This presidential election year, millions of Ohioans will be exercising — and already are exercising, in the early-voting period — their precious right to vote. But because of recent federal court decisions, it’s more important than ever that Ohioans protect their franchise by taking extra steps to make sure their right to vote is not being illegally abridged and that their votes will be counted. One recent federal court ruling, for instance, determined that thousands of Ohioans were purged illegally from state voting rolls going back to 2011. How to protect these voters’ rights to vote in the Nov. 8 election was not resolved until last week, when a federal judge ruled that certain voters absent from the voting rolls must be allowed to cast a provisional ballot. It’s important that all Ohio voters now take affirmative steps first to find out if they fall in this category by checking their registration status online or at their county board of elections, and then, if they have been wrongly purged, to understand how they can cast a provisional ballot to make sure their voting rights aren’t unlawfully denied.
However, because of a separate (misguided) federal appeals court ruling upholding key elements of a flawed 2014 state law on provisional voting, Ohio voters who cast provisional ballots this year must exert extra care in filling out the forms to make sure they print, not write in cursive, and that they enter personal information precisely and legibly, without error, in all required fields.

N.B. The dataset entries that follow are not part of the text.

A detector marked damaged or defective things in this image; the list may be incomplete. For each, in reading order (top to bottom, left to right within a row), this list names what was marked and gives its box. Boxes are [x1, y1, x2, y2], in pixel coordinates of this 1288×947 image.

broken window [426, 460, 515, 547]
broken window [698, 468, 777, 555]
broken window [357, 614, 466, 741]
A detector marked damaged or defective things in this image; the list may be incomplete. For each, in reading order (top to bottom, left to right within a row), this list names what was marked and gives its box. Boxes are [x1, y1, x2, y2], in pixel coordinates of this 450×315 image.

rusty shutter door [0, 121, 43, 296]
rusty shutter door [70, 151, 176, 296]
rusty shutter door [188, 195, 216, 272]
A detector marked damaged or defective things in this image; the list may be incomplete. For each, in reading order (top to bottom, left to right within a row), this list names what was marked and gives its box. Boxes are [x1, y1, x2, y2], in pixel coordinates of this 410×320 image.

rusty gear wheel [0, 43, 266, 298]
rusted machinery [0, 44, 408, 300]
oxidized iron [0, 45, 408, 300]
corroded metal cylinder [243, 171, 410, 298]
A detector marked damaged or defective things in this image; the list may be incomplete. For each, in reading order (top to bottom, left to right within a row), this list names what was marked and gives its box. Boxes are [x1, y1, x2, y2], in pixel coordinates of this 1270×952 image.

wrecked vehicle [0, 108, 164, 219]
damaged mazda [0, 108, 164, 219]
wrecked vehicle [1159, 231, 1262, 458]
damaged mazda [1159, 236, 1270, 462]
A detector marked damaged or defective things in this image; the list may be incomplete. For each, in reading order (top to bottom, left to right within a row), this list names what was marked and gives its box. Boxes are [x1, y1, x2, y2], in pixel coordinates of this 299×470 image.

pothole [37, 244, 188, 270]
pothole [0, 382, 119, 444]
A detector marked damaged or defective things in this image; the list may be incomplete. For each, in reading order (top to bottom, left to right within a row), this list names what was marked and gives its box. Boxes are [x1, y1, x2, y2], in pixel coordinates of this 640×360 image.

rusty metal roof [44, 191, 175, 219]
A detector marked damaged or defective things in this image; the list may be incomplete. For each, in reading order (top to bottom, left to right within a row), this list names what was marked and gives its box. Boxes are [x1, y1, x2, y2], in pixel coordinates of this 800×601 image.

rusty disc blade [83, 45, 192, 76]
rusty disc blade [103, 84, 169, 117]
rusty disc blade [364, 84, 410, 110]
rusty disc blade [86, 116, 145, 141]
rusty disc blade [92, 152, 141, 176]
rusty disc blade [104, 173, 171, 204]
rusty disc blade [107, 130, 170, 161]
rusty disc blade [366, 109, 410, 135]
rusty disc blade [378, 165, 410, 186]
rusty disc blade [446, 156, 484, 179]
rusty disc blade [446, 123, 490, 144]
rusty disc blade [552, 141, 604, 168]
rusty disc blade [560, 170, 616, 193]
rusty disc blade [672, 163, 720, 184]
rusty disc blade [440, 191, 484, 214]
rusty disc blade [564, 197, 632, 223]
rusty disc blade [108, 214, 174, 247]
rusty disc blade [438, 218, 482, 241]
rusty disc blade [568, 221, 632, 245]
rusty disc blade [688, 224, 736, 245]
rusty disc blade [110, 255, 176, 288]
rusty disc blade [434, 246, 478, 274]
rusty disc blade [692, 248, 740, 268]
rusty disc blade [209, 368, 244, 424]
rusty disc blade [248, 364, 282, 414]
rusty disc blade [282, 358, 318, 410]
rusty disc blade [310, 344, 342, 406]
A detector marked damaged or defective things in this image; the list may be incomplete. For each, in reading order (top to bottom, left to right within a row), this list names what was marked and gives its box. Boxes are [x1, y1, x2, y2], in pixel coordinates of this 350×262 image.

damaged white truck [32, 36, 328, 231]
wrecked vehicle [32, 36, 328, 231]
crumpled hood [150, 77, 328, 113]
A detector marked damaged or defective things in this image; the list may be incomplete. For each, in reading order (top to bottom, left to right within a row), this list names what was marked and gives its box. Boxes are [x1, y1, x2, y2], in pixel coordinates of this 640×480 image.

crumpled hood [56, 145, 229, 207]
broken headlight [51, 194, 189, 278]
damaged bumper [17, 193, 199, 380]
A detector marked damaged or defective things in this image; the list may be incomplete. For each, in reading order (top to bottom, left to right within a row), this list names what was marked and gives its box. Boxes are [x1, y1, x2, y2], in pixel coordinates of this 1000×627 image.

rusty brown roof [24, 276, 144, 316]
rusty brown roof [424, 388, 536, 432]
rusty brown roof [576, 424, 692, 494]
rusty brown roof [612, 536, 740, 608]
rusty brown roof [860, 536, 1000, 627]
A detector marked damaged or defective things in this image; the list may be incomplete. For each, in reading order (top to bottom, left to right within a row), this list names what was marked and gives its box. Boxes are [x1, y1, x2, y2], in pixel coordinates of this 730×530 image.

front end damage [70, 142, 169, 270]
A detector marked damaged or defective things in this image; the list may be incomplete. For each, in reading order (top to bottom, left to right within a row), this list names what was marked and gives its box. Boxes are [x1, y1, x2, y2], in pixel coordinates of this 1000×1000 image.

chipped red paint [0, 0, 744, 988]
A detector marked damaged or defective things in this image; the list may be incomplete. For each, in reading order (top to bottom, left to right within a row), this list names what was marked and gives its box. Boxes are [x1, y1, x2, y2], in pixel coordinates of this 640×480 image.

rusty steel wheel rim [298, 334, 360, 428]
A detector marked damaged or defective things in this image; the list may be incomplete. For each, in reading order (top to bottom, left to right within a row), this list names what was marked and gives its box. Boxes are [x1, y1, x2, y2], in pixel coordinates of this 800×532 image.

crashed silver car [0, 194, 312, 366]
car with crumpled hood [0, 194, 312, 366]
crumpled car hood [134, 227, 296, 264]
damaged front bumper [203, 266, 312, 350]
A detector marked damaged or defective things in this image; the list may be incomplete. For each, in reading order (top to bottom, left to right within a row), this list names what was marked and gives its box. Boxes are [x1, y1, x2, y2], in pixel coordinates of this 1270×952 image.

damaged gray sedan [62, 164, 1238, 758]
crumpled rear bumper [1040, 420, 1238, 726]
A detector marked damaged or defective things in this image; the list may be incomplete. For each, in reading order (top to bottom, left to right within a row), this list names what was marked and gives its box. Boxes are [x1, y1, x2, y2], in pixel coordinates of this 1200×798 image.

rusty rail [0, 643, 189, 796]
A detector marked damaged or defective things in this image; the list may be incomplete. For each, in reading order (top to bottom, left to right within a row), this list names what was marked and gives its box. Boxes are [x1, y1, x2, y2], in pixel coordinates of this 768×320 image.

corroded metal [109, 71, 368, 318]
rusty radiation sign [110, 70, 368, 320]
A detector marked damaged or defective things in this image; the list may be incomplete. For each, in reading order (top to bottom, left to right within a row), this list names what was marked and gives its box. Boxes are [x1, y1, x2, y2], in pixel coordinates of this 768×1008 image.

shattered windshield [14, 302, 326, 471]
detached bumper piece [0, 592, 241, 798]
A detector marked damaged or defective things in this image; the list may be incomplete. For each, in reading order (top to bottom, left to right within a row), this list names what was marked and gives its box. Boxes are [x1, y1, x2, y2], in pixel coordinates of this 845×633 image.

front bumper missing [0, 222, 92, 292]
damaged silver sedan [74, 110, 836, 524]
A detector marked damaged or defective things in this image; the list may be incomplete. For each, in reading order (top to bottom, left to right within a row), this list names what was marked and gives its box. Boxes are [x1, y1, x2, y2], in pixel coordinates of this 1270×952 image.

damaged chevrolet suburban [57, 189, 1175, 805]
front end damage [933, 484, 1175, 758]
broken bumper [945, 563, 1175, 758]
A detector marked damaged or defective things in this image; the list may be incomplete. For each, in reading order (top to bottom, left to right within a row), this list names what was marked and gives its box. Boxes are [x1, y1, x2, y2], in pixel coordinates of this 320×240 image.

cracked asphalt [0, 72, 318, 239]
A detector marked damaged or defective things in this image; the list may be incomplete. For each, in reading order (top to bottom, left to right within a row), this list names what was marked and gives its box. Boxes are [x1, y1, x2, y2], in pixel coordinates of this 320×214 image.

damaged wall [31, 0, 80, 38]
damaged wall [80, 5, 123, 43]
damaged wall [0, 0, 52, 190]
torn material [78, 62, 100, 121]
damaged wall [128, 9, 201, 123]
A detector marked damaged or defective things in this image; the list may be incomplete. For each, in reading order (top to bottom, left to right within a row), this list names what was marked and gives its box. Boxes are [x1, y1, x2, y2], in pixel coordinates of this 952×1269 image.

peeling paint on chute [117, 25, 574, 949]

That’s because even the slightest, unintentional error in filling out identifying information such as birthdate or address, or using what appears to be cursive handwriting, will disqualify a provisional ballot per the patently absurd provisions of Substitute Senate Bill 216 — provisions that a federal court wisely threw out in June after a 12-day trial but that the sharply split federal appellate panel restored last month in a decision the full appeals court has refused to reconsider.